The wallet is a Chrome/Brave extension built with WXT, TypeScript, Viem, and browser extension storage. It creates or imports a self-custody EVM wallet locally, encrypts the private key in the browser with a user password, reads ETH/USDC balances on Sepolia, and signs IPP vouchers for active inference sessions.
The session flow is split across three pieces. The extension opens an inference payment session by approving USDC, opening an InferenceStreamChannel on Sepolia, and signing the first voucher. OpenWebUI runs the Ando Pipe, which exposes Ando Session as a normal model route. The extension syncs the current session token, wallet address, channel id, and voucher into OpenWebUI user valves, so when the user chats, OpenWebUI forwards the request to the Ando gateway with the right payment headers.

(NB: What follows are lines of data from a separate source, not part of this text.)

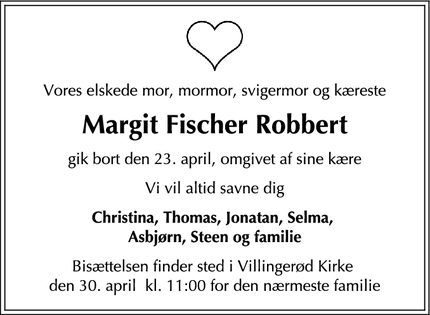 Dødsannoncen for Margit Fischer Robbert - Dronningmølle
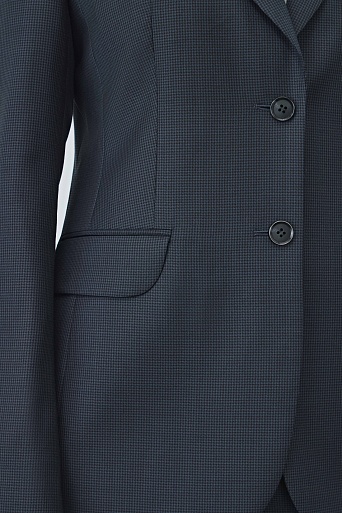 Костюмный жакет из шерсти в мелкую клетку, темно-серый AGATHA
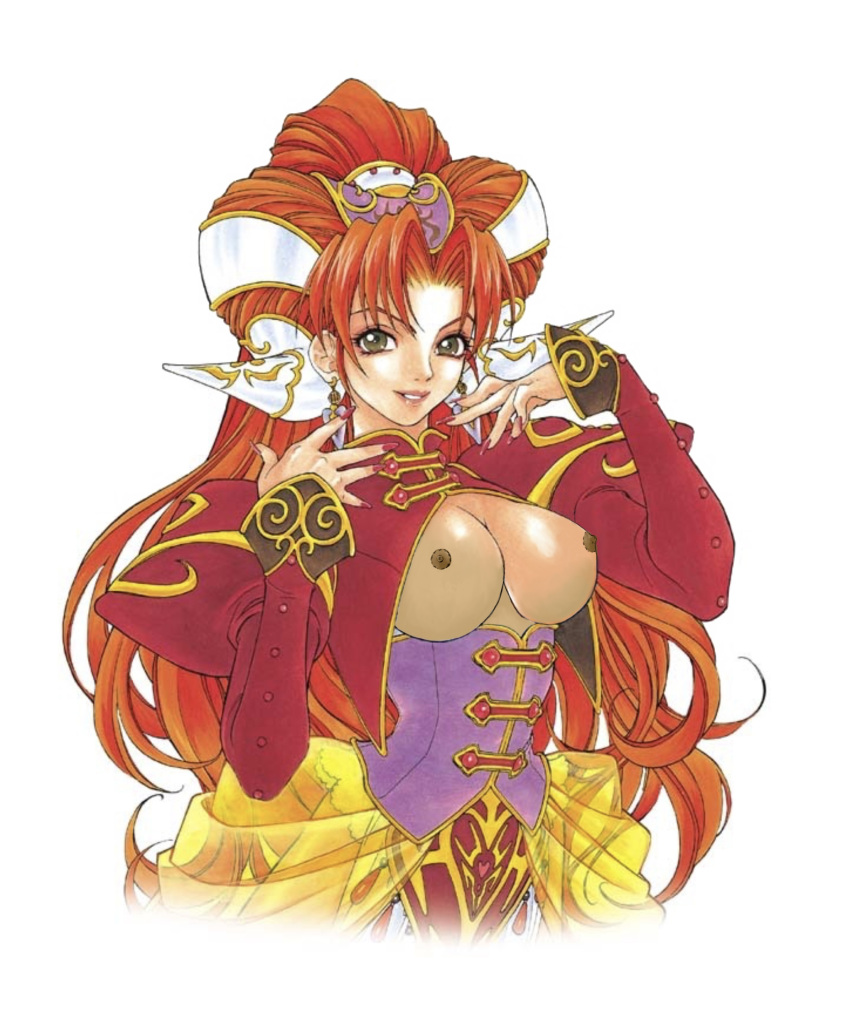 1girls big_breasts breasts breasts_out brown_hair corset dress grandia grandia_ii hair_ornament horns jewelry long_hair looking_at_viewer lowres millenia nail_polish nude_filter red_hair red_jacket red_lipstick solo topless yellow_skirt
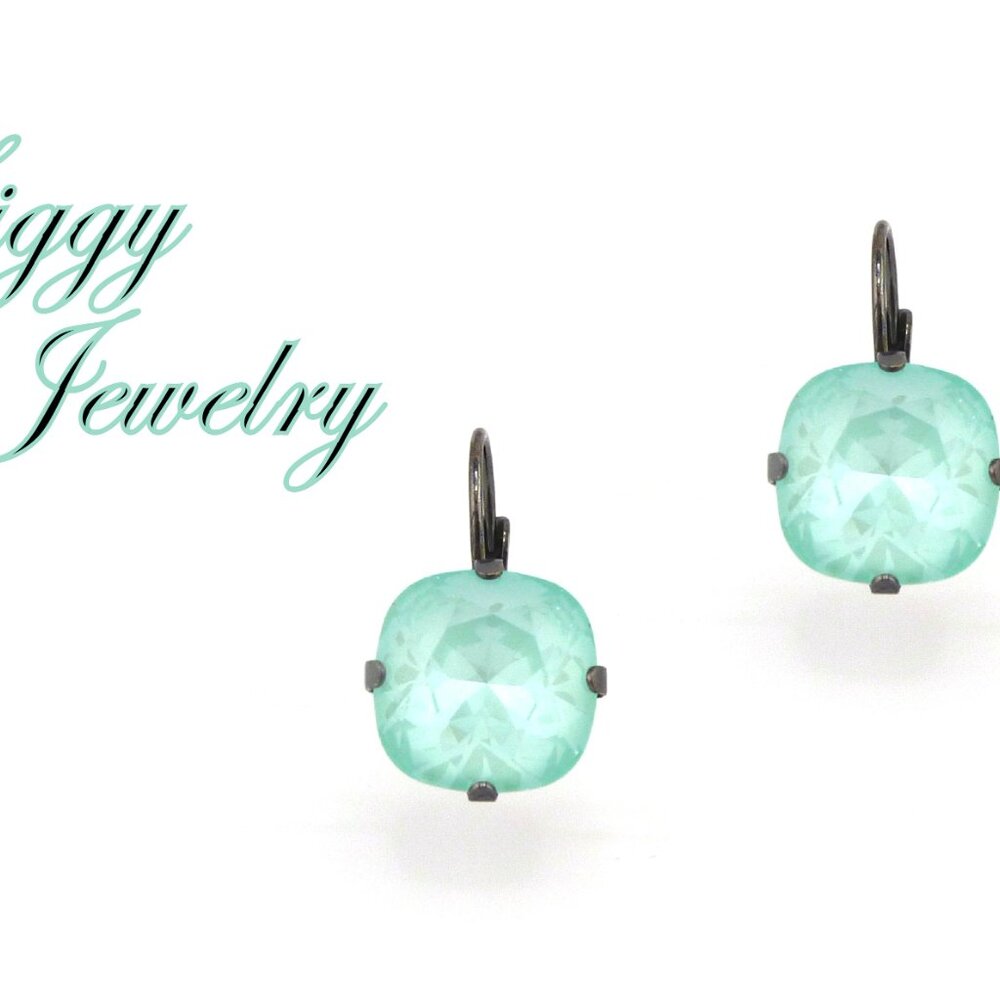 Soft Mint Ignite Cushion Cut Crystal Earrings made with Genuine Austrian Crystal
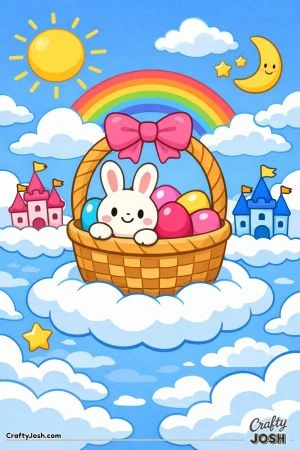 A smiling bunny sits inside a large Easter basket filled with eggs, floating on fluffy clouds beneath a rainbow, sun, moon, and small castles in the ..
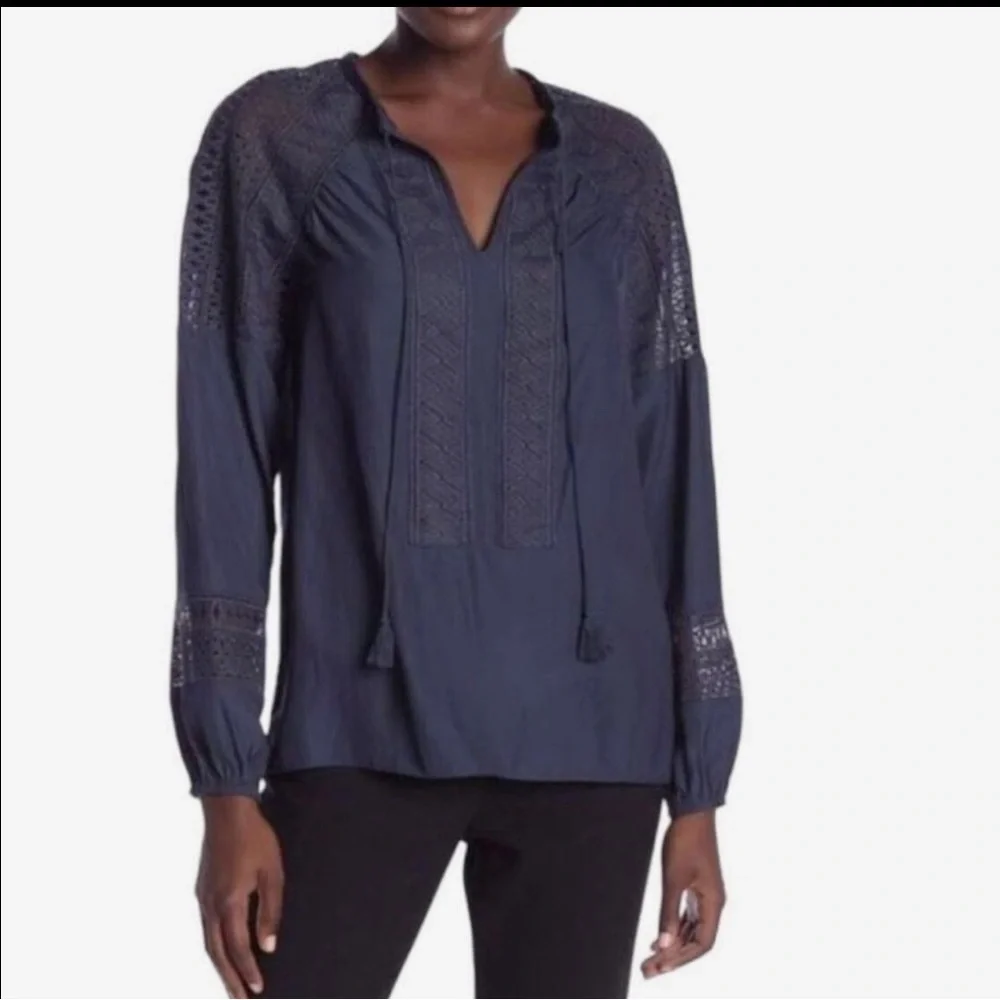 Ramy Brook Winnie Navy Blouse Crochet Trim Sz Small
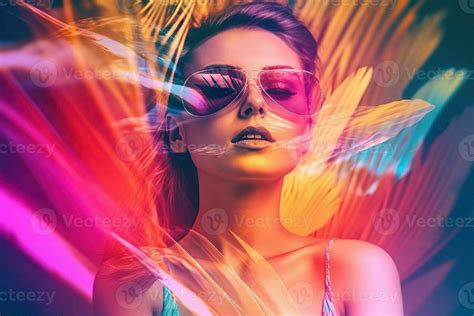 Summer Themed Double Exposure Bikini Portrait 28356175 Stock Photo At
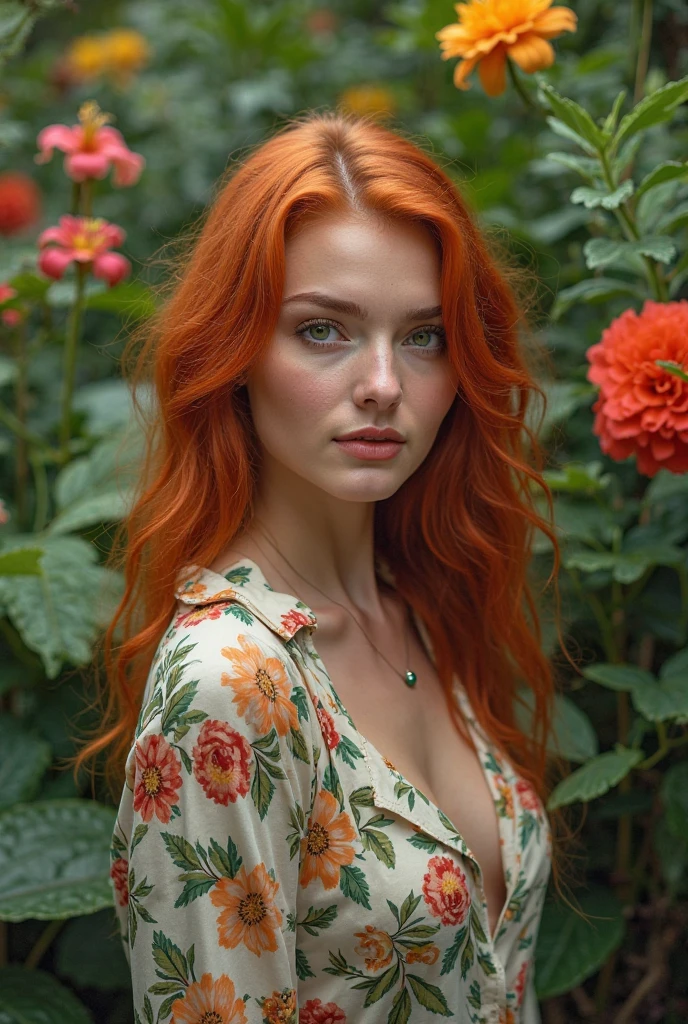 A Brazilian redhead woman in a lush tropical garden, wearing an open shirt with a floral print, with a close-up capturing the harmonious beauty between her breasts and the natural flowers, showing off your natural charm and outgoing personality.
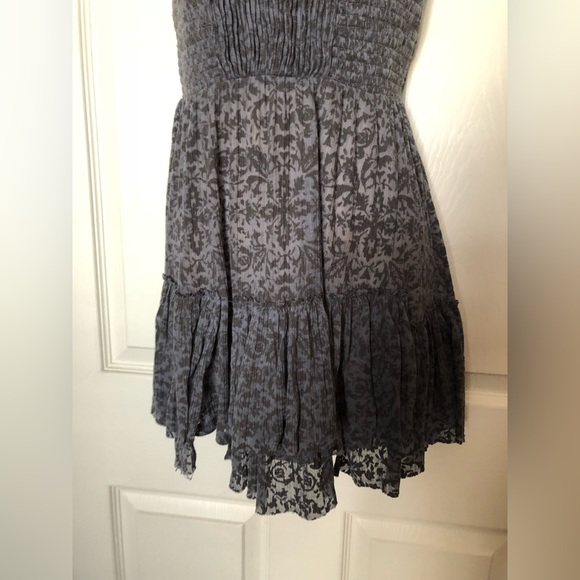 Free People Mini Dress Gray Lace Floral Small - Picture 6 of 8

The gateway is OpenAI-compatible: it accepts /ipp/v1/chat/completions, validates the Ando session bearer token, checks the IPP channel and signed voucher, forwards valid requests to OpenAI, meters usage, and exposes a receipt. When the session closes, the user signs a final voucher for the exact metered usage; the gateway can settle the provider payment onchain, and the wallet can withdraw unused funds back to the user.
The notably hacky part is making OpenWebUI crypto-payment aware without forking OpenWebUI. We used a Pipe plugin plus a browser extension sync flow, so OpenWebUI still thinks it is talking to a normal model, while Ando injects the payment session state around the request path.
Partner tech used: Ethereum Sepolia for settlement, Circle testnet USDC for session deposits, Viem for wallet and contract interactions, OpenWebUI Pipes for model routing, OpenAI-compatible chat completions for inference, and WXT for the browser extension.